This part was proposed by China Aerospace Science and Technology Corporation.
This part is under the jurisdiction of China Aerospace Standardization Institute.
This part was firstly issued in April 1991, and firstly revised this time.
Telemetry tracking command and data handling for spacecraft
Part 8: Onboard data handling interface
1 Scope
This part specifies the general provisions of interface of spacecraft data handling system (hereinafter referred to as data handling system), as well as telemetry channel interface, telecommand channel interface and serial data bus interface.

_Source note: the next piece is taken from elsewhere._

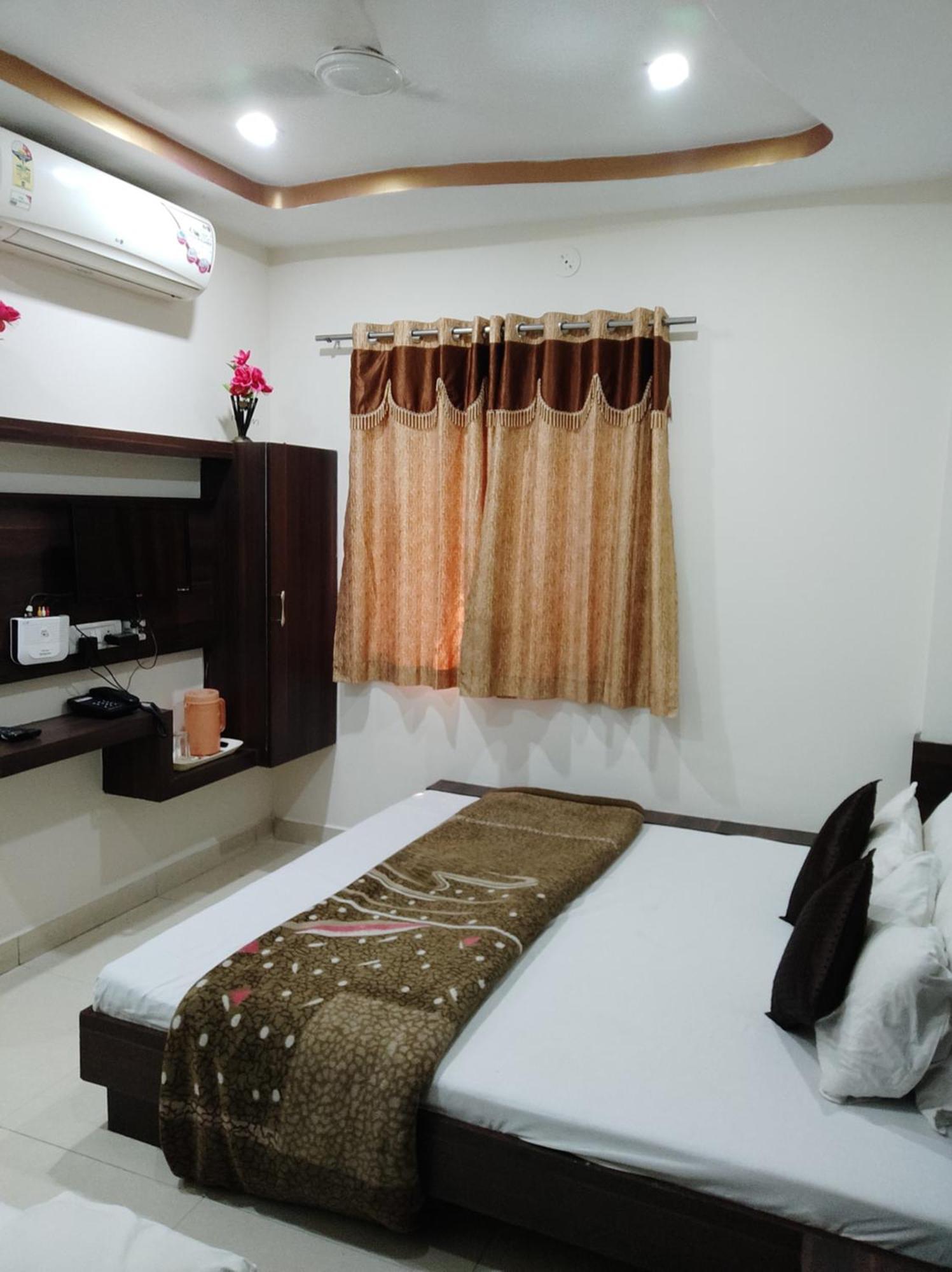 Hotel Vrandavan Palace Near Mahakal Temple Ujjain Εξωτερικό φωτογραφία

This part is applicable to spacecraft data handling system and users who have interface with data handling system.
2 Normative references
The following standards contain provisions which, through reference in this text, constitute provisions of this part. For dated references, subsequent amendments (excluding corrections), or revisions, of any of these publications do not apply to this part. However, parties to agreements based on this part are encouraged to investigate the possibility of applying the most recent editions of the normative documents indicated below. For undated references, the latest editions apply to this part.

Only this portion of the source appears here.